Narayana adalah nama lain dari dewa Wisnu . Beliau digambarkan dalam keadaan tidur yoga di bawah air surgawi yang melambangkan prinsip maskulin dan dikaitkan dengan perannya dalam penciptaan.Ia juga dikenal sebagai Purushottama , dan dianggap sebagai Makhluk Tertinggi dalam Vaishnavisme . Narayana sebagai wujud primordial dalam Weda Sruti maupun Smerti.

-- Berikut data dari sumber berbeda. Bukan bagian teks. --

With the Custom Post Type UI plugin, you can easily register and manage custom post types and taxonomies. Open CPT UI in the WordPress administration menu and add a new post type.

Nama Narayana termuat dalam Mantra Trisandhya bait kedua yang merupakan bagian dari manuscript lontar mantra Catur Weda Sirah bagian Yayur Weda yaitu: Om Nàràyana evedam sarvam yad bhùtam yac ca bhavyam niskalanko nirañjano nirvikalpo niràkhyàtah suddo deva eko Nàràyano na dvitìyo’sti kascit. 

Yang artinya "Ya Tuhan, Nàràyana adalah semua ini apa yang telah ada dan apa yang akan ada, bebas dari noda, bebas dari kotoran, bebas dari perubahan tak dapat digambarkan, sucilah  Nàràyana, Ia hanya satu tidak ada yang kedua. Pada bagian Reg Weda juga dijelaskan bahwa Narayana pencipta 12 Aditya(Narayanad Dwa-dasãditya) Sama persis seperti sloka Bhagawad gita 10.21 diantara Aditya aku adalah Wisnu, dan dalam sloka 11.22 dijelaskan para Aditya kagum melihat-ku. Sifat sifat Narayana yang ada dalam bait kedua mantra Trisndhya dijelaskan bebas dari noda, kotoran,perubahan dan tak terungkapkan(Nirakyatah) yang sama maknanya dengan tak terbayangkan(Acintya)

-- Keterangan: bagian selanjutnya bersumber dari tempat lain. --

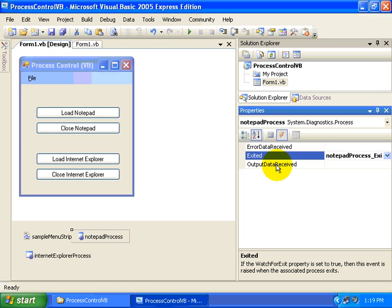Or if an error occurs within that application, we can try to receive it and take a look at what that error was. Now we're not going to demonstrate that in these examples, but that's certainly some more capability that we could explore within this control.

Narayana adalah salah satu nama Tuhan yang tak terungkapkan atau tak terbayangkan, jangan beranggapan bahwa Narayana yang dipuja dalam mantra Trisandhya adalah manusia yang lahir jaman Mahabharata atau manusia yang lahir di Putaparti bernama Satya Narayana Raju.

Ketika seseorang berserah diri kepada Narayana, Beliau dengan penuh belas kasih memutuskan hubungan orang tersebut dari semua Karma sebelumnya (Baik maupun Buruk). Tapi, bukan berarti orang tersebut tidak akan mendapat masalah apapun dalam hidupnya. Setelah menyadari penyerahan dirinya, Narayana mengambil segala tanggung jawab atas dirinya dalam kehidupan ini dan juga setelah kematian. Jika seseorang melakukan perbuatan buruk, Narayana memaafkan perbuatan buruk yang dilakukan tanpa disadari dan memberikan hukuman bagi perbuatan buruk yang dilakukan dengan sengaja. Pada akhirnya, merupakan keputusan Narayana, apakah akan diberikan Moksha (pembebasan) dalam kehidupan ini atau tidak.

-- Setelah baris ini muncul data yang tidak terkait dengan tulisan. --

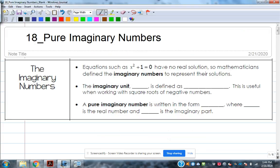Alright, imaginary numbers — that's what we're going to be working with today. This is one of the easier lessons. Today's lesson and Monday's lessons are some of the easier things. There are tips and tricks I can show you with the calculator, but they always put questions about complex numbers and imaginary numbers on the non-calculator portion, and then some on the calculator portion as well.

Narayana adalah penguasa, pemilik, pengendali dan sandaran segala sesuatu yang ada. Segala manifestasi 'chetana' (hidup) dan 'achetana' (tidak hidup) adalah bagian dari wujud suci-Nya. Sri Maha Lakshmi adalah mata belas kasih dan empati Narayana, yang melaluinya Bhagavan selalu melihat semua jivatma berjuang keras dalam samsara ini dan memikirkan bagaimana membantu mereka menyeberangi lautan kelahiran dan kematian.